C, 15a and 15b are filtering table RAMs as memory means, 16a and 16b are MPUs, 17a and 17b are MPU buses, 18 is a 2-port memory as message storing means, 20 is a 48-bit shift register for source address, 21 Is for the recipient address 4
8bit shift register, 22 control / data frame judgment comparator, 23 delay circuit, 24 frame passing control circuit, 25
Is a 48-bit data latch for a source address, 26 is a 48-bit data latch for a destination address, 27 is a hash circuit control unit, 28 is a hash circuit, 29 is a comparator, and 30 to 35 are signal lines.

Claims (1)

[Claims] 1. A bridge circuit for interconnecting at least two networks having a plurality of stations, each station being configured to send and receive messages comprising at least a destination station address and a source station address. The bridge circuit includes a filtering table RAM, a determination circuit, a communication control logic circuit unit for controlling the operation to the network, a message storage unit for storing the message, and an MPU for controlling the entire bridge circuit.

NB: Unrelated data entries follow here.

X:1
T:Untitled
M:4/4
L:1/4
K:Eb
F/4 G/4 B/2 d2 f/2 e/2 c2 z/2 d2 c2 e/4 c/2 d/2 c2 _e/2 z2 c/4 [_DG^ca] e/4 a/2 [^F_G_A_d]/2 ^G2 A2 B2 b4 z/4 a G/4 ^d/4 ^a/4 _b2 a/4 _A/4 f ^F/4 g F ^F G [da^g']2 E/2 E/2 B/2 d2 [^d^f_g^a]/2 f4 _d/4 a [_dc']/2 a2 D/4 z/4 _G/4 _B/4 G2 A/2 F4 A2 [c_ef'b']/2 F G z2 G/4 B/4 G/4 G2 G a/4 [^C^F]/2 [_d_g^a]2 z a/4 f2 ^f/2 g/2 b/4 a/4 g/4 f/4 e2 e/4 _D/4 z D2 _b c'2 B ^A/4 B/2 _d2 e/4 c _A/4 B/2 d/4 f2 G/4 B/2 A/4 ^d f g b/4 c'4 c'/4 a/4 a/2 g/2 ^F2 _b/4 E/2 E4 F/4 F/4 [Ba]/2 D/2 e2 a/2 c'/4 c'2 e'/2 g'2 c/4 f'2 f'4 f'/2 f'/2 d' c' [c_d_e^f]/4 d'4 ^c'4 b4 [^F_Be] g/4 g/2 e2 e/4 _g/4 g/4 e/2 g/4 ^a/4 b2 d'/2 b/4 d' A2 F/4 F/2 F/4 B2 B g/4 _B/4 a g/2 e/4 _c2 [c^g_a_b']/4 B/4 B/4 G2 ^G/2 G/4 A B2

The method further comprises the step of temporarily storing the received message in the message storing means, and then relaying the message to another network as necessary, and at least the station addresses of a plurality of stations included in each network. RAM for filtering table to store a part of address for each network, Detecting the address of the receiving station from the message, determining the match / mismatch between the detected address of the receiving station and the storage address stored in the RAM for the filtering table, and determining whether to relay / discard the message. One logic circuit and a second logic circuit that detects a source station address from the message and stores the source station address regardless of whether the memory of the filtering table RAM stores the source station address A bridge circuit for interconnecting networks, characterized in that it is configured by arranging a determination circuit provided as hardware consisting of (1) and (2) before the message storing means and the communication control logic circuit means.